Switzerland Is the Richest Country in the World, Here’s Why

Swiss francs
Switzerland is the richest country on Earth. It also never accepted the Euro as its official currency.

According to a recent Global Wealth Report made by the Credit Suisse Research Institute, Switzerland is the richest country in the world. The small country harbors a reputation of housing the wealthiest, most influential individuals on the planet, but the average Swiss salary also exceeds the ones registered in other corners of the world.

Why Is Switzerland the Richest Country in the World?

In 2016, the world salaries have been registering a stagnation, the global uncertainty that defined this year taking its toll on the average earnings. However, the Swiss were not affected by the worldwide salary epidemics as their annual income saw a considerable increase in the past year, stabilizing the country’s position as the wealthiest nation on Earth.

For 15 years and counting, Switzerland has been occupying the first position, the gap between the country and the other contenders growing each year. The prosperity registered by its inhabitants is due to a multitude of factors, from its strategic European position to its internationally-recognized banking system, luxury resorts, quality signature timepieces, and, last but not least, its high-ranking authorities that have been investing in the wellbeing of the Swiss people.

What About the Other Countries?

According to the Credit Suisse Research Institute, the European country is the only one that managed to increase the level of wealth per adult. Sixteen years ago, in 2000, the United States was occupying the second position, registering an 11 percent difference from the top contender.

In 2007, the United Kingdom swept in and took over the second place, the gap between Switzerland and the United Kingdom was larger, the Swiss having a 16 percent advantage.

Now, Australia has dethroned the United Kingdom, but the hiatus between the two countries is a staggering 33 percent.

The Credit Suisse report details the factor that made it possible for the country to be 33 percent wealthier than the second-place contender.

It seems like the average wealth per individual has risen by 142 percent since the 2000 Credit Suisse report. By comparison, the global average wealth per person increased in the same period with only 67 percent.

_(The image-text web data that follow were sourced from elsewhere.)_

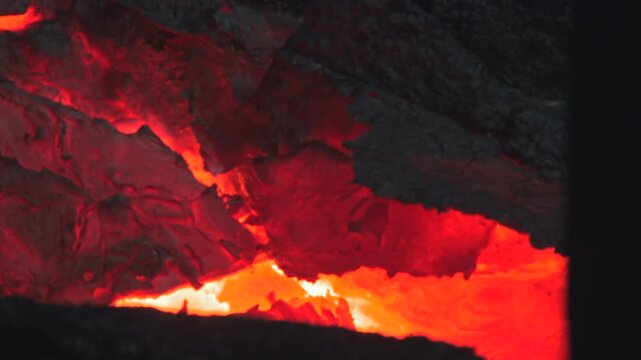 Fiery Molten Landscape. Dramatic Fiery Heat And Molten Cracks Create Vivid Underground Inferno Scene . Stock clip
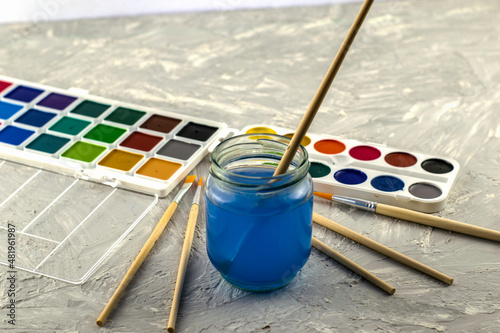 watercolor paints a jar of water and brushes for drawing on a gray textured surface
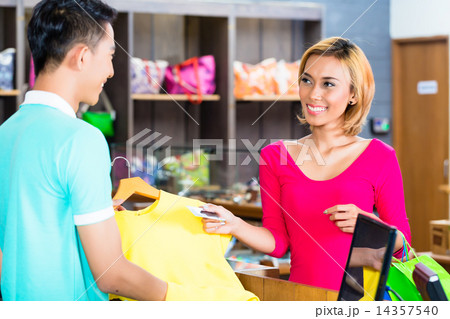 Asian woman paying purchase in fashion store 14357540
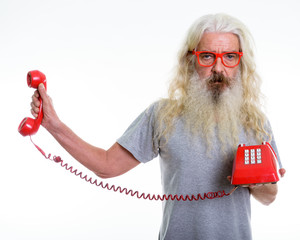 Studio shot of senior bearded man holding old telephone while lo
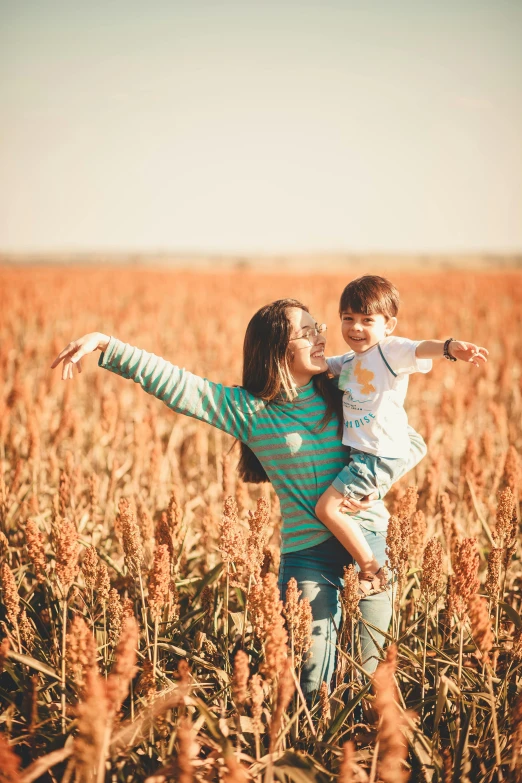 a girl holding a boy while standing in a field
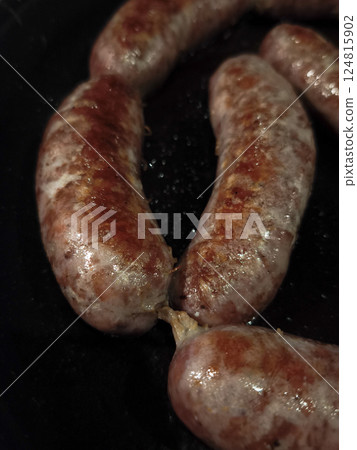 Close up of sausages sizzling on a black frying pan, cooking in chamonix, france, during november 124815902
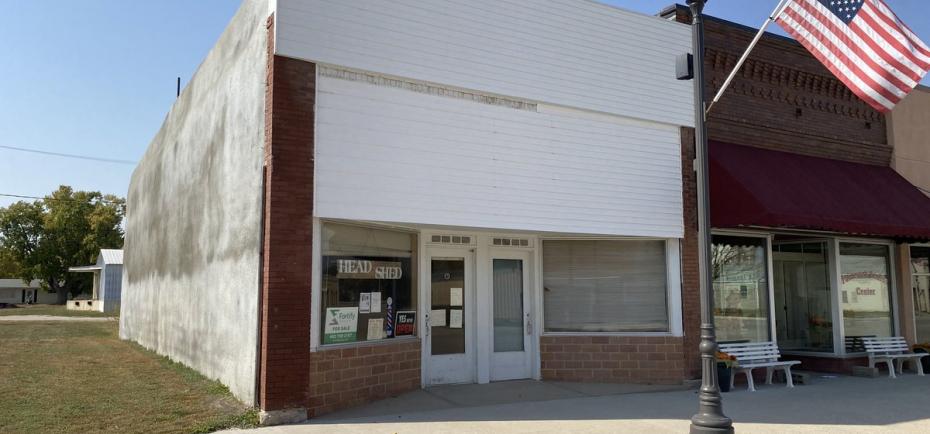 A 1915 one-story retail building is pictured in Fairmont, NE. Its vintage front exterior pairs brick with crisp, white finishes. The building sits on the recently renovated Main Street.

Furthermore, the average Swiss employed individual has roughly $560,000 in his or her bank account, $360,000 more than the nation ranked on number 2.

Another significant difference is registered in the median wealth per person category. In Switzerland, the median wealth of a person (the study including the number of children in the country) is $244.000, while the United Kingdom ranks second with $107.900. The United States is on the fourth position with just $45.000.

Moreover, the wealthiest 10 percent of the country can buy out the wealthiest 10 percent of the nations that are ranking second and third, the gap getting larger each year.

The U.S. could learn a thing or two from the richest country in the world in terms of how to invest in people. However, Switzerland is considerablly smaller than any of the countries in the top 10 wealthiest countries in the world.